YOUR ASSIGNMENT:
Return each line of the material verbatim.

DATA BELOW:
*** Block opens ***
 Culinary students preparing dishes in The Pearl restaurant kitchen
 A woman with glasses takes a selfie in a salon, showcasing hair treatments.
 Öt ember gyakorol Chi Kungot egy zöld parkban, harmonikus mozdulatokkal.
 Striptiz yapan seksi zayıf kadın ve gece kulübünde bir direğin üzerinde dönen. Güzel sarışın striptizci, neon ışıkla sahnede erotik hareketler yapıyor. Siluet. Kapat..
*** Block closes ***
RESULT OF THIS TASK:
 Culinary students preparing dishes in The Pearl restaurant kitchen
 A woman with glasses takes a selfie in a salon, showcasing hair treatments.
 Öt ember gyakorol Chi Kungot egy zöld parkban, harmonikus mozdulatokkal.
 Striptiz yapan seksi zayıf kadın ve gece kulübünde bir direğin üzerinde dönen. Güzel sarışın striptizci, neon ışıkla sahnede erotik hareketler yapıyor. Siluet. Kapat..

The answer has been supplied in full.